• EXERCISE DIRECTIONS: Locate the line that contains "Skoda Octavia Saloon, Diesel, 2018, Red". Retype it and every line after it to the end of the records, exactly, but not the pictures.

::: INPUT

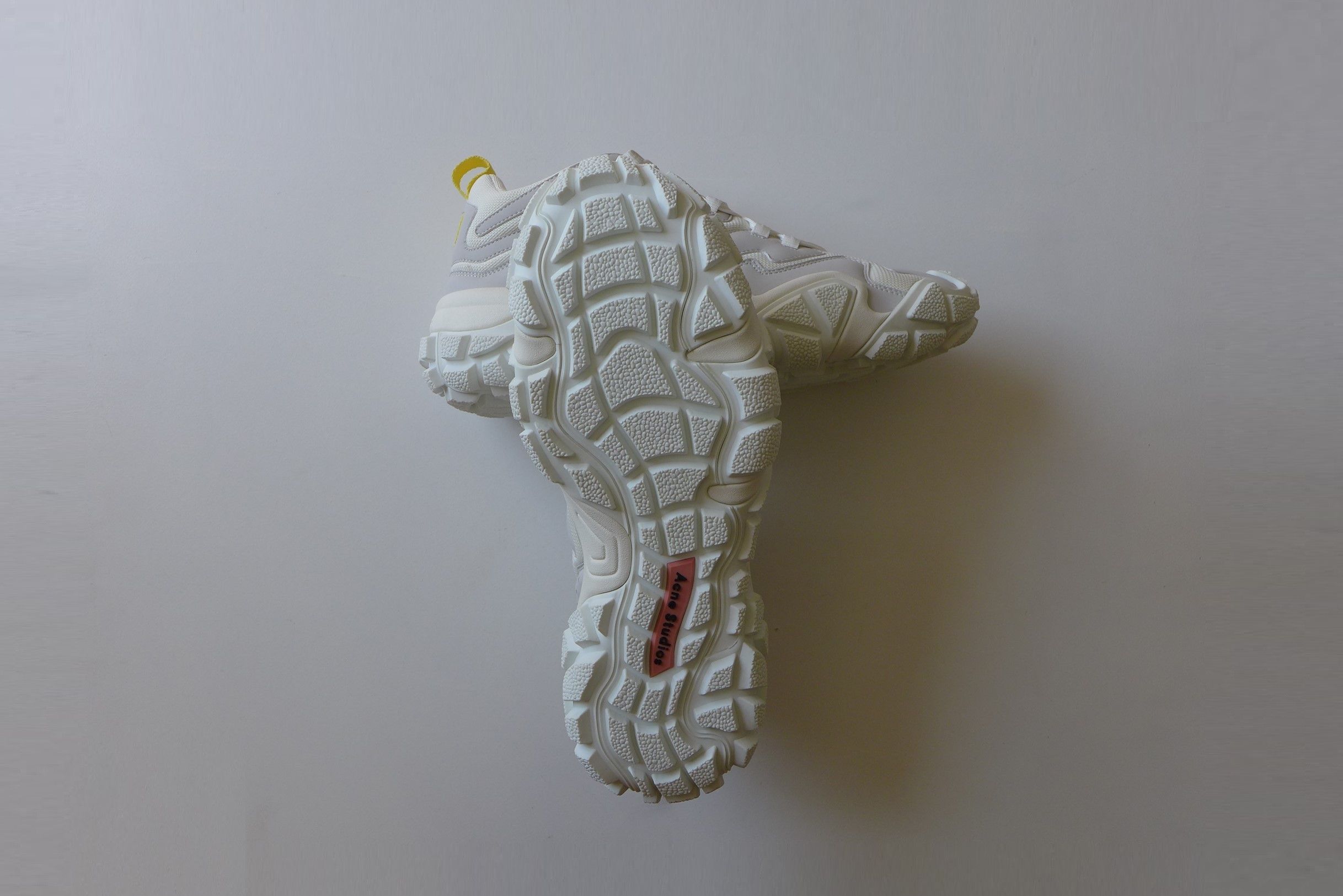Acne Studios Acne Studios White Bolzter Bensen Sneakers Size US 13 / EU 46 - 10 Thumbnail
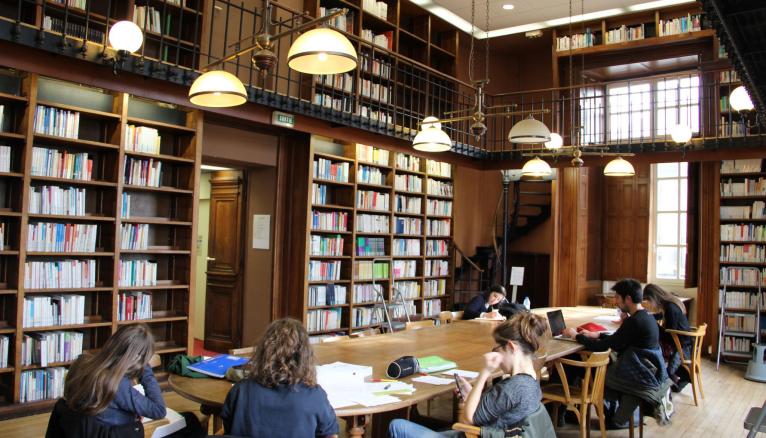 Université de Bordeaux. La bibliothèque du site de la Victoire, qui réunit les étudiants en "sciences de l'Homme" (Janvier 2015).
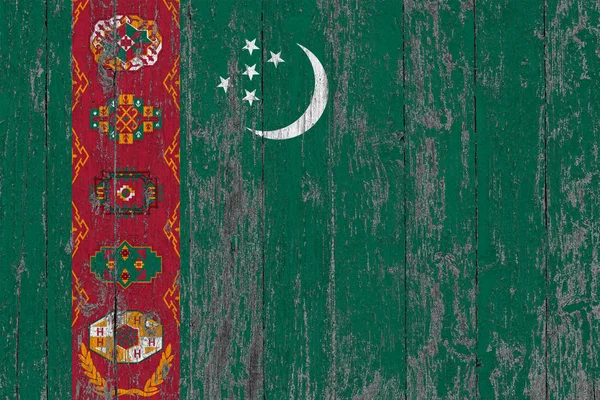 Türkmenistan bayrağı ahşap doku arka plan aşınmış boyanmış.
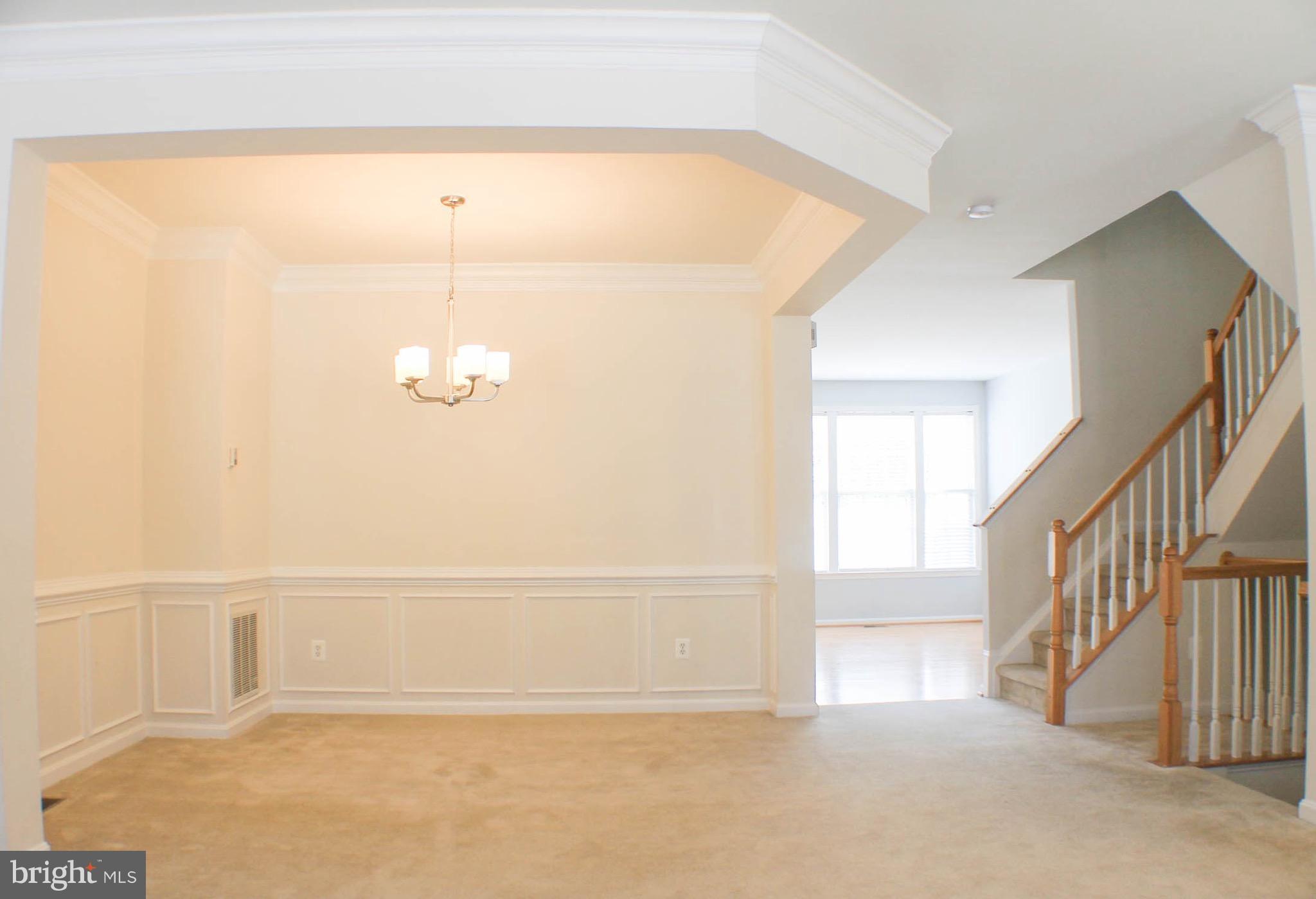 ASHBURN VILLAGE - Residential Lease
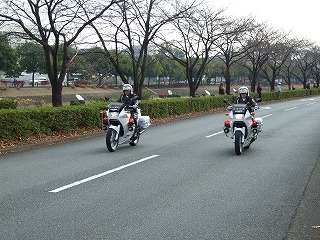 スタートを待ち構える白バイ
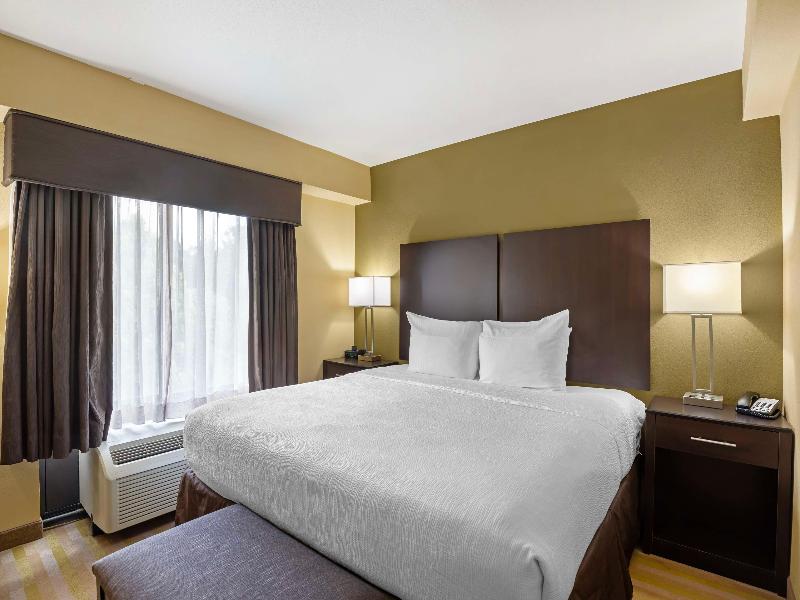 Best Western Plus Thornburg Inn & Suites image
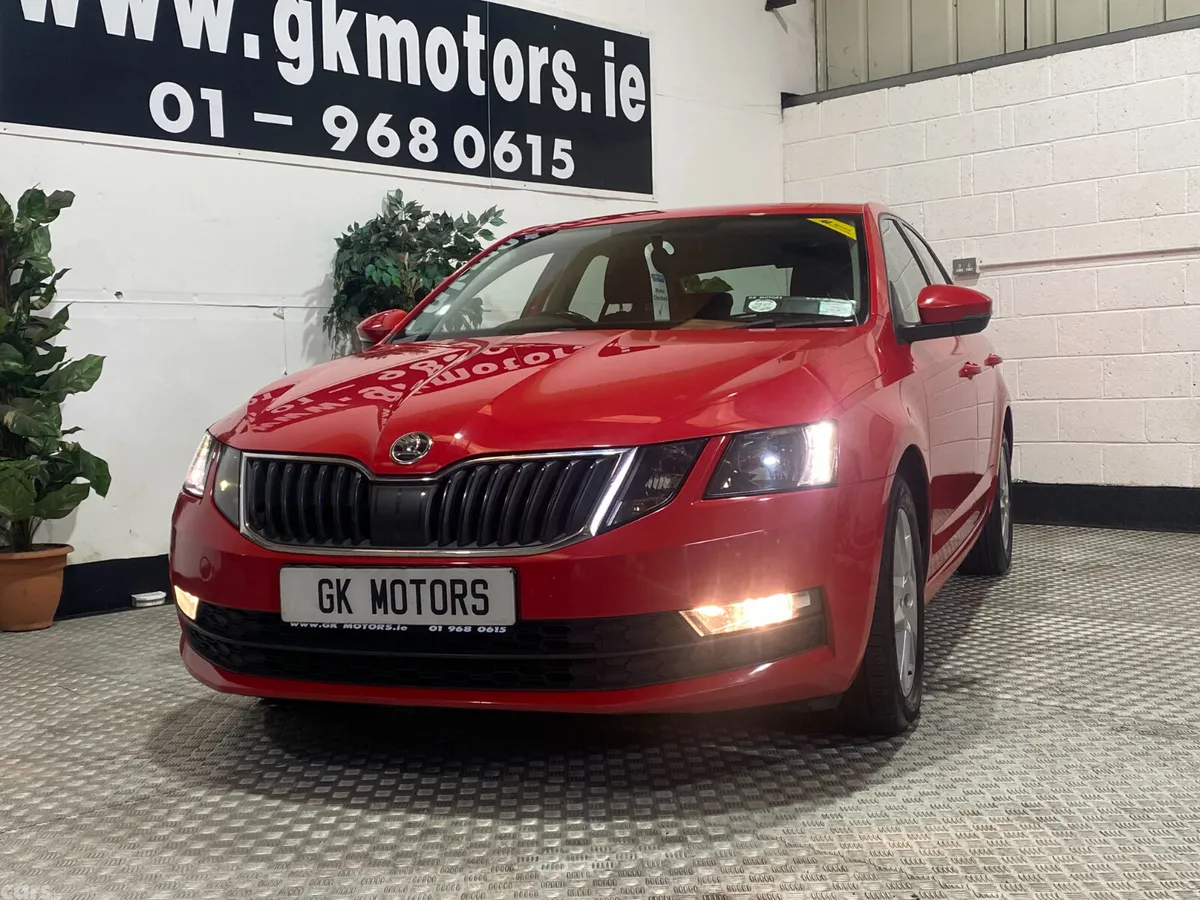 Skoda Octavia Saloon, Diesel, 2018, Red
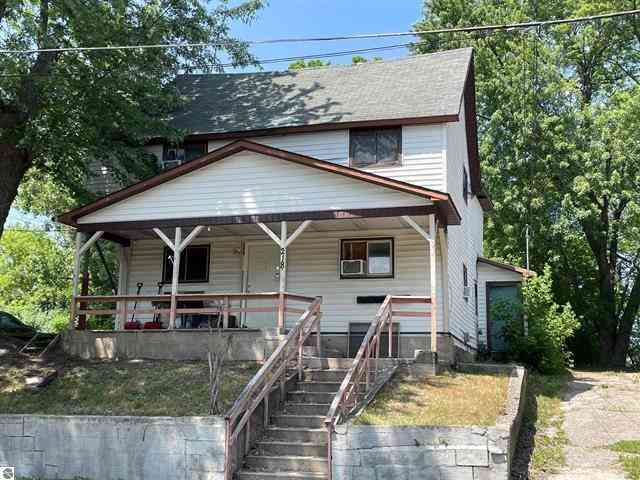 Multifamily For Sale - 218 Cottage Street <br/> Cadillac, MI 49601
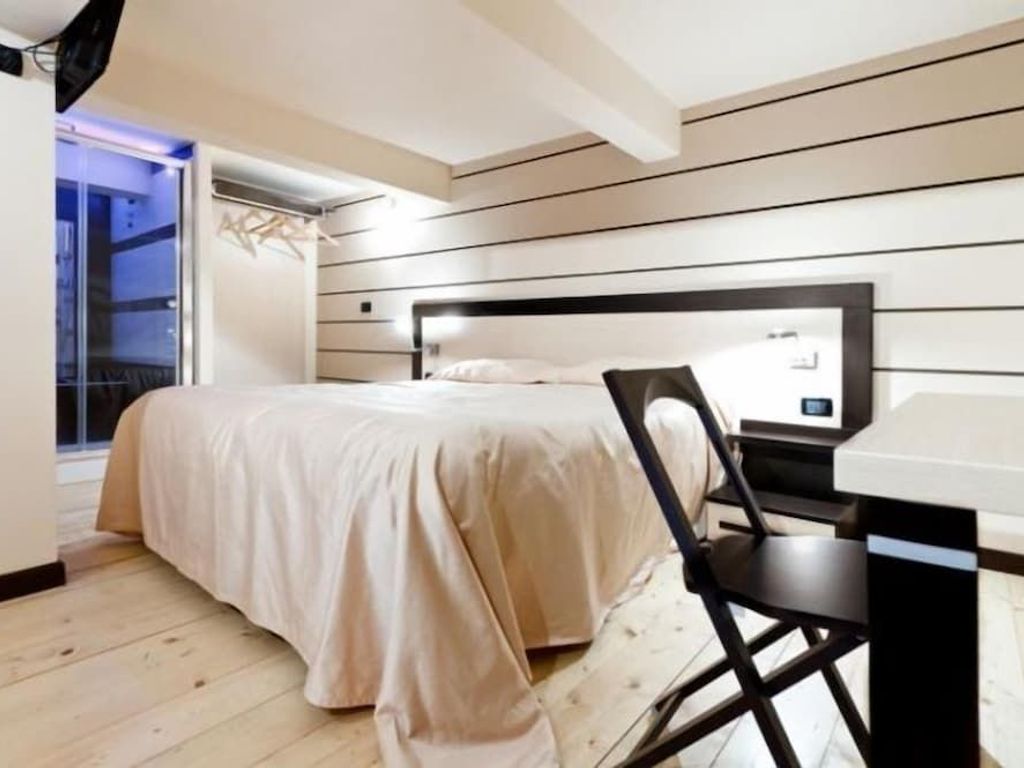 Suite & Residence Absolute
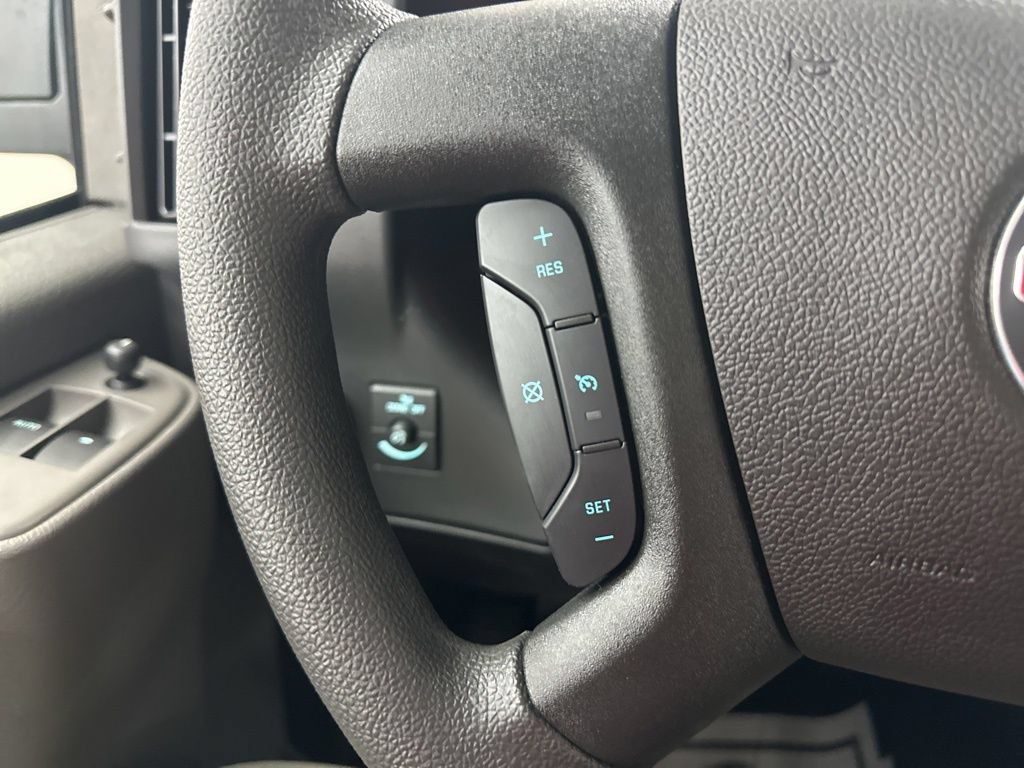 New 2026 GMC Savana 2500 w/ Driver Convenience Package RWD image 30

::::::

• SOLUTION TO THIS TASK:
 Skoda Octavia Saloon, Diesel, 2018, Red
 Multifamily For Sale - 218 Cottage Street <br/> Cadillac, MI 49601
 Suite & Residence Absolute
 New 2026 GMC Savana 2500 w/ Driver Convenience Package RWD image 30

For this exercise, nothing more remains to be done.